### Exercise prompt
The reply should hold only the lines from the one with "Hydraplus 2000 jacket" to the one with "Others 5, STING Boutique Apartments, Ostrava", both ends kept, exactly as they appear below, without any pictures.
-- Task inputs follows --
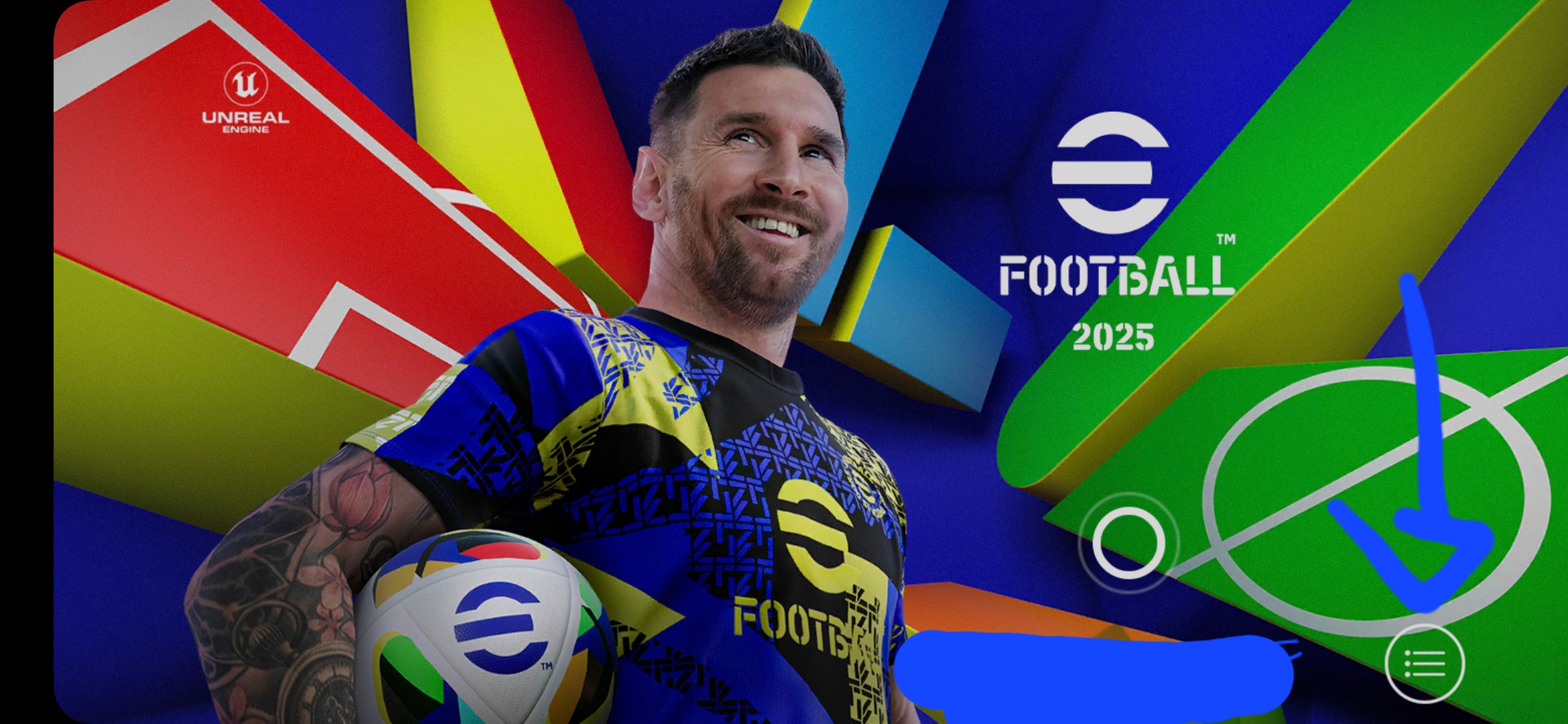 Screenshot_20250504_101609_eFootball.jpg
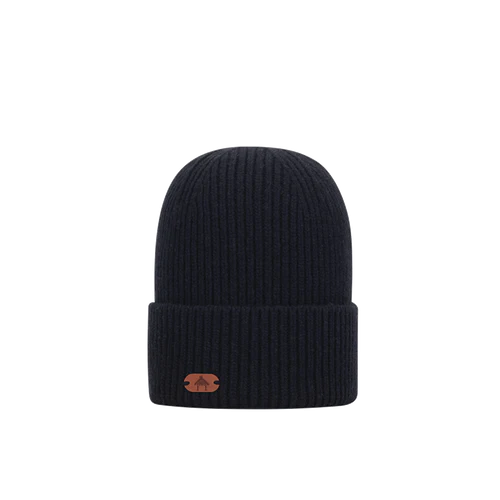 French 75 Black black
-- Task inputs concluded --
-- Task inputs follows --
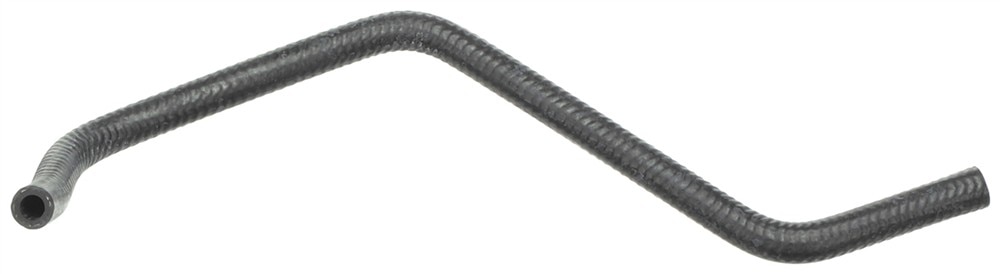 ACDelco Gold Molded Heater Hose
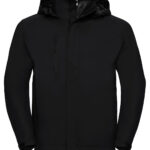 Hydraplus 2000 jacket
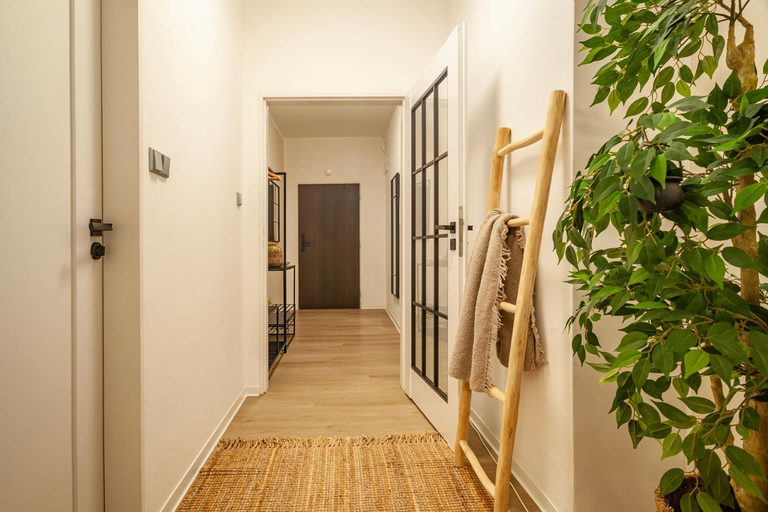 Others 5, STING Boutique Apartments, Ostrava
-- Task inputs concluded --
-- Task inputs follows --
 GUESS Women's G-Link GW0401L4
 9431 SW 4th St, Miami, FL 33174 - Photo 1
-- Task inputs concluded --
### Solution
 Hydraplus 2000 jacket
 Others 5, STING Boutique Apartments, Ostrava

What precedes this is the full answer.